No. This is because impregnation is within the part and not a surface treatment.  

Should impregnation occur before or after machining?

Impregnation occurs after a casting is machined.  This is because machining may potentially uncover additional porosity.

Will impregnation discolor or damage the casting?

No, because impregnation occurs within the walls of the casting.  There is no film or coating on the part surface that will change any dimensional tolerances.

How much does impregnation cost?

This question should read "How much can you save?". It is important to remember that impregnation costs are a small fraction of remelting, recasting, remachining and overruns. Vacuum impregnation seals the inherent problem of porosity, thus allowing parts once deemed as scrap to be useable.  The cost of impregnation depends upon several factors including (but not limited to) the size and complexity of the casting, the amount of castings to be impregnated, and the type of material used to impregnate.  

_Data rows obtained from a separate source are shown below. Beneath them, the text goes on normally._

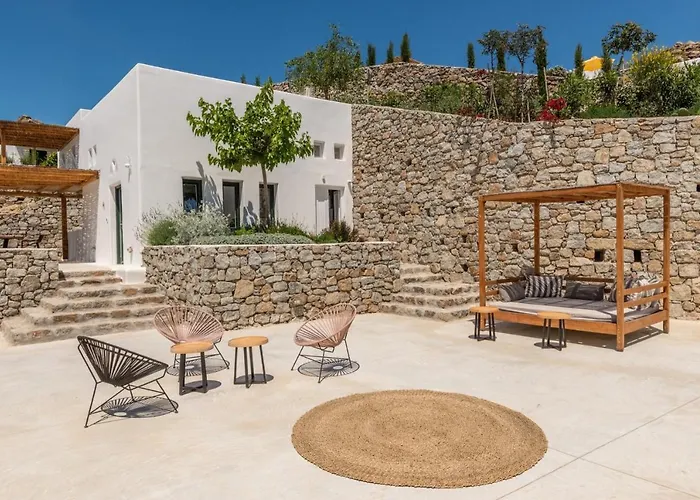 Szálloda Mykonos Drops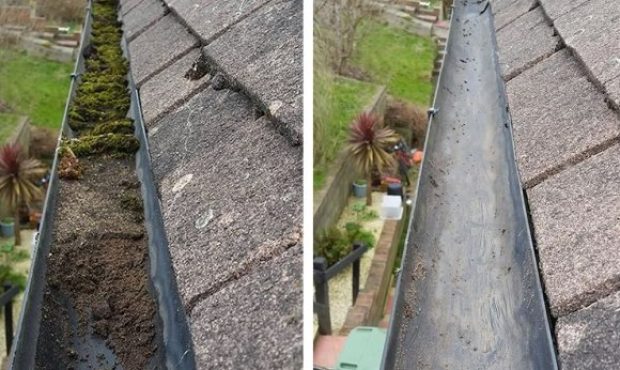 Gutter-Cleaning-Before-and-After Melbourne Gutter-Cleaning-Before-and-After Melbourne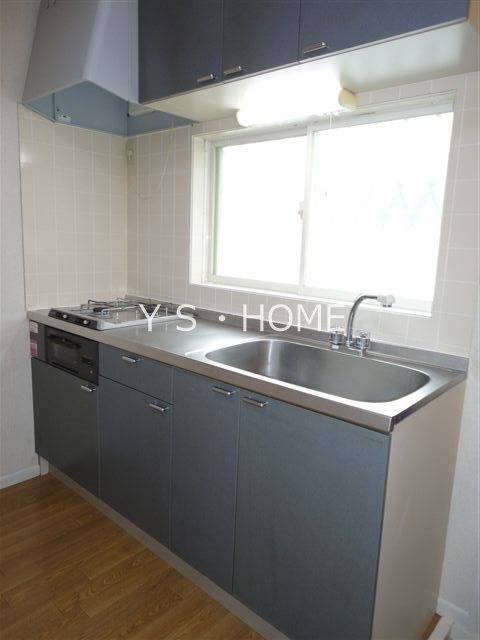 モンシャトー小金井東A棟 キッチン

What size porosity can be sealed?

Micro-porosity causing "weepers" is usually easy to seal. For larger micro-porosity and macro-porosity sealing depends on wall thickness and the type of porosity present. Straight through porosity in thin walls is difficult to seal. Sponge like porosity of any type can usually be sealed. 100% solid resin will seal porosity many times larger than other impregnants. 

Will impregnated sealant vibrate loose or fall out?

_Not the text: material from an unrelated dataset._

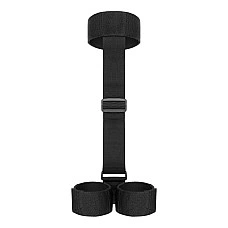 Фиксаторы Bedroom Fantasies Soft Straps Arm and Neck Restraints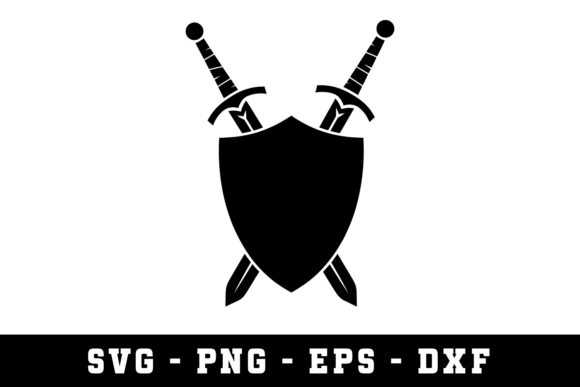 Templer Shield SVG Cut File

No. When sealing porosity within the wall thickness of a casting, the sealant is locked in and will remain so for the life of the casting.

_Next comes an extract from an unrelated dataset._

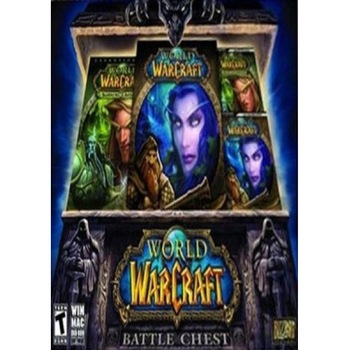 Joc World of Warcraft Battlechest + 30 Days(COD activare Battle.net) Joc World of Warcraft Battlechest + 30 Days(COD activare Battle.net)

What temperatures will the impregnant withstand?

For most sealants, 400°F is the highest temperature generally recommended for continuous usage, but will withstand 500°F temperatures for short intermittent periods.  Higher surface temperatures, up to 1400°F, can be withstood without resin failure when parts are water-jacked or forced air-cooled.  This is because sealant remains strong and solid in the porous areas of the cool side.  The sealant may char next to the hot side, it never melts and is protected by the thermal conductivity of the metal.  Examples of this are automotive cylinder heads and blocks.

How long will the impregnant last?

As long as the casting itself.

What else will impregnation do?

In addition to sealing for pressure tightness, impregnation is used to seal sintered components and other parts to avoid corrosion. It is also used prior to electro-plating to prevent bleedout from acid etches and electrolytes absorbed into porous areas which are sealed in by subsequent plating. Where bleedout and blistering due to porosity is a problem on other types of finishes, such as lacquers and baked enamels, impregnation before finishing eliminates out-gassing and blistering.